Reproduce the opening lines of the records exactly, please, stopping after the line that contains "Apartments And Rooms".

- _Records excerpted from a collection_
»»
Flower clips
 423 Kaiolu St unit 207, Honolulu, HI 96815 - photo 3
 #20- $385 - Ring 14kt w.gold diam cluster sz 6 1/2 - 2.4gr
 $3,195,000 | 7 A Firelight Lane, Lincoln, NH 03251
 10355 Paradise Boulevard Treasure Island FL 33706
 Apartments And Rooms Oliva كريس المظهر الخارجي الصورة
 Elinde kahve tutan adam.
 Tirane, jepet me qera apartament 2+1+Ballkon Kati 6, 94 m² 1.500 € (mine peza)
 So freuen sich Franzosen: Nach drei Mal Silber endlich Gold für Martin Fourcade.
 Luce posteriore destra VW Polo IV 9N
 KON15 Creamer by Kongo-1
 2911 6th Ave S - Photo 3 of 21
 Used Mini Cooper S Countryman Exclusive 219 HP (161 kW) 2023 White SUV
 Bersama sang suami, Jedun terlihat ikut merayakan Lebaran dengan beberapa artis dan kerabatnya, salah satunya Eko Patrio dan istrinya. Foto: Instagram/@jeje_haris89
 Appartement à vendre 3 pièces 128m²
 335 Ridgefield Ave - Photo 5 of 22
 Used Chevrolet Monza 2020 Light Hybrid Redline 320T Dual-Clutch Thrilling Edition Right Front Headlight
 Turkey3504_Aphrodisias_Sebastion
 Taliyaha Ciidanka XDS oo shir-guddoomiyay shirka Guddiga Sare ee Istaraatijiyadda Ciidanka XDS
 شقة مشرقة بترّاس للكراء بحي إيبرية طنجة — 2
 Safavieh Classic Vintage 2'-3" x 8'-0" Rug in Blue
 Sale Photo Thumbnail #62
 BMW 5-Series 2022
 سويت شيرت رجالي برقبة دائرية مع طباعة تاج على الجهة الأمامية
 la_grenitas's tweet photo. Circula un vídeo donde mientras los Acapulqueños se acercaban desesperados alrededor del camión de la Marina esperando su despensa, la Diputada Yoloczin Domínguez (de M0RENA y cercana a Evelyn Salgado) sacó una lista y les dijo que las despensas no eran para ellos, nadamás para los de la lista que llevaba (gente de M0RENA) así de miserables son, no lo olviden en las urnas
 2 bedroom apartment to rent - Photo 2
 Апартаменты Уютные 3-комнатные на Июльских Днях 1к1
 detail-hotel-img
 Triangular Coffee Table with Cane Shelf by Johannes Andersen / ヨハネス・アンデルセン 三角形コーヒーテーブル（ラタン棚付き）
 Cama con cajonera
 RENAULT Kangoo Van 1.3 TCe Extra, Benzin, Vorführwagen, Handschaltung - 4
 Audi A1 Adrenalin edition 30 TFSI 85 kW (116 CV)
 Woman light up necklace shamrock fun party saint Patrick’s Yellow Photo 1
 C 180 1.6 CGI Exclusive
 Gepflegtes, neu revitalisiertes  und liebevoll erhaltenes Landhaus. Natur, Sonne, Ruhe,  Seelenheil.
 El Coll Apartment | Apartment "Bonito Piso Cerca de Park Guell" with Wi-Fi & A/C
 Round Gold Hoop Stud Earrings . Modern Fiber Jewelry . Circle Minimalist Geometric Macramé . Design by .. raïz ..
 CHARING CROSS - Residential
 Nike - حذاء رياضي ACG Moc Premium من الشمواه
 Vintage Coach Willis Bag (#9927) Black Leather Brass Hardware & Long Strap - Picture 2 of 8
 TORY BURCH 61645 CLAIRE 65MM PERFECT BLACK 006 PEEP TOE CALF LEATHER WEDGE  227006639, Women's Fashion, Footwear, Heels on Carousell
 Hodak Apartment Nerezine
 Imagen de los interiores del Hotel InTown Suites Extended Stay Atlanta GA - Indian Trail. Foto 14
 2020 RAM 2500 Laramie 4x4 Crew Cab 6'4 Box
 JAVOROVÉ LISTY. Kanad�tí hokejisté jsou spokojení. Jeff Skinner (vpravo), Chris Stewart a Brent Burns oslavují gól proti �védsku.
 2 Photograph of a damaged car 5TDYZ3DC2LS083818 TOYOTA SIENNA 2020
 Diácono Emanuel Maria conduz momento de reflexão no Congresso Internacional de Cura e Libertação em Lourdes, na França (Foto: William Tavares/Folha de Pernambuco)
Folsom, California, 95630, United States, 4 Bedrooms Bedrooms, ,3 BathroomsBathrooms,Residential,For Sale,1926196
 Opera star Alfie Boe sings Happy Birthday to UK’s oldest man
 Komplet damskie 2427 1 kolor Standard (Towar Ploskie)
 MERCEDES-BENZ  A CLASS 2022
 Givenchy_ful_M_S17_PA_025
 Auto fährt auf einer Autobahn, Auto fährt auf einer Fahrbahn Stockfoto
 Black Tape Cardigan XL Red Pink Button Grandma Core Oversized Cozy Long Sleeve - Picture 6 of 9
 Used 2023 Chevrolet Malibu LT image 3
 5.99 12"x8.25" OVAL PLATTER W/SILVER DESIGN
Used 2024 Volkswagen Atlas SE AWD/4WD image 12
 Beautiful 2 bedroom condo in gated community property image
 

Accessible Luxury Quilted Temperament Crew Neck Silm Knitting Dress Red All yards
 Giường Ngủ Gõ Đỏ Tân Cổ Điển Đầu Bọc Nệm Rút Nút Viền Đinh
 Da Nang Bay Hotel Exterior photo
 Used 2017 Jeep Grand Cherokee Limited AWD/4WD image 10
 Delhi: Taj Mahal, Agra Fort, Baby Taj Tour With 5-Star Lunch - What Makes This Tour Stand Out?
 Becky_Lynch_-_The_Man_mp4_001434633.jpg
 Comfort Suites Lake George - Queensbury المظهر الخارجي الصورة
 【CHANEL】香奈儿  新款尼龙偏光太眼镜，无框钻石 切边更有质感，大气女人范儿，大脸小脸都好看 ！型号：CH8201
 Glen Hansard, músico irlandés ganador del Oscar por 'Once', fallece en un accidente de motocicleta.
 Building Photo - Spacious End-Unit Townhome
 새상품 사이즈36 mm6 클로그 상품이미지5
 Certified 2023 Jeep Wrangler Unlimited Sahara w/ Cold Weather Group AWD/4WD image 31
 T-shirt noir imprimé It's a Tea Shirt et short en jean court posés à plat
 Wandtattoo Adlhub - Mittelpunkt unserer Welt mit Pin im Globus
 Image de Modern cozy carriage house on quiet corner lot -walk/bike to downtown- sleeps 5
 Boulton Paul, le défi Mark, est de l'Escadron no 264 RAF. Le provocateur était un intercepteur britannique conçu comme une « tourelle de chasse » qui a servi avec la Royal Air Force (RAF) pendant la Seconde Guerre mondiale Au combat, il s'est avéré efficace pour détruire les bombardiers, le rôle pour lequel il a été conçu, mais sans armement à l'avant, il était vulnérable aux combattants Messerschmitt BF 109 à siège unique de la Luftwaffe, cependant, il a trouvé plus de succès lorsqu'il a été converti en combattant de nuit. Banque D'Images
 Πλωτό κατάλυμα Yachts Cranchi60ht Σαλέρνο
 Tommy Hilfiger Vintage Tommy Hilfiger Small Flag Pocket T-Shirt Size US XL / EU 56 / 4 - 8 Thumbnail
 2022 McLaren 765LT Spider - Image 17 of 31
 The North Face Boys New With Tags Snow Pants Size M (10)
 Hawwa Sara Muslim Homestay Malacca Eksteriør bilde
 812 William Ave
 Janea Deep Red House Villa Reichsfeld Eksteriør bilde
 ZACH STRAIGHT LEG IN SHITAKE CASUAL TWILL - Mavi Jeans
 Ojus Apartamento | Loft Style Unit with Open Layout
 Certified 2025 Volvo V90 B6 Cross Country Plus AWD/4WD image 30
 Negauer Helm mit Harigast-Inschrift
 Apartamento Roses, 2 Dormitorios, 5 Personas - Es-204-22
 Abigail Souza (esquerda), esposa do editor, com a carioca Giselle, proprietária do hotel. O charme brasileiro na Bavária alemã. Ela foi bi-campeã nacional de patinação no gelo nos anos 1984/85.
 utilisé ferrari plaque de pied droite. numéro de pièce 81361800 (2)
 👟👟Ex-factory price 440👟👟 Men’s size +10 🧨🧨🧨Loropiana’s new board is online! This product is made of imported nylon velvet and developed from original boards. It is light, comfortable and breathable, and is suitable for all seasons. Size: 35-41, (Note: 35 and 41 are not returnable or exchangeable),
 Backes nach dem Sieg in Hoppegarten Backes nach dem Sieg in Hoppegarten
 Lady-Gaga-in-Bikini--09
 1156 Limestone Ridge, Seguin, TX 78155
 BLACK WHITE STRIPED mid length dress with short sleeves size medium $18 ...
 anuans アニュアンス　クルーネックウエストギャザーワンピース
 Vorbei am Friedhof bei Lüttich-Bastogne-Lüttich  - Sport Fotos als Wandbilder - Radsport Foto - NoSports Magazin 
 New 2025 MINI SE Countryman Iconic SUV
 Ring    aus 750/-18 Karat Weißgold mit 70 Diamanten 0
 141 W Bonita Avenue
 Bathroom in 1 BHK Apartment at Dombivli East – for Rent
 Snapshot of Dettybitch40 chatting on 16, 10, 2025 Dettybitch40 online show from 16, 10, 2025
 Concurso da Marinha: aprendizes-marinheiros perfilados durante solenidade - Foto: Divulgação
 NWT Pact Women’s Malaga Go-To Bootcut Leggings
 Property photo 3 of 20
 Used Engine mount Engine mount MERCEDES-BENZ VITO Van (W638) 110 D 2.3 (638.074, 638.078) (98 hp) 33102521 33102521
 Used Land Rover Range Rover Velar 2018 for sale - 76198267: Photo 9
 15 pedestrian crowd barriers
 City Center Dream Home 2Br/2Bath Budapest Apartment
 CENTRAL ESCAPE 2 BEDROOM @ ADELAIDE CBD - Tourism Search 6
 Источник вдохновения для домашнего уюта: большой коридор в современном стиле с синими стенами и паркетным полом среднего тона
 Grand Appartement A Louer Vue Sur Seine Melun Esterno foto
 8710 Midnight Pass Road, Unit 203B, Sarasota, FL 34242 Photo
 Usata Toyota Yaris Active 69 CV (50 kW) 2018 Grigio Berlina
««
- _Answer for the task_
Flower clips
 423 Kaiolu St unit 207, Honolulu, HI 96815 - photo 3
 #20- $385 - Ring 14kt w.gold diam cluster sz 6 1/2 - 2.4gr
 $3,195,000 | 7 A Firelight Lane, Lincoln, NH 03251
 10355 Paradise Boulevard Treasure Island FL 33706
 Apartments And Rooms Oliva كريس المظهر الخارجي الصورة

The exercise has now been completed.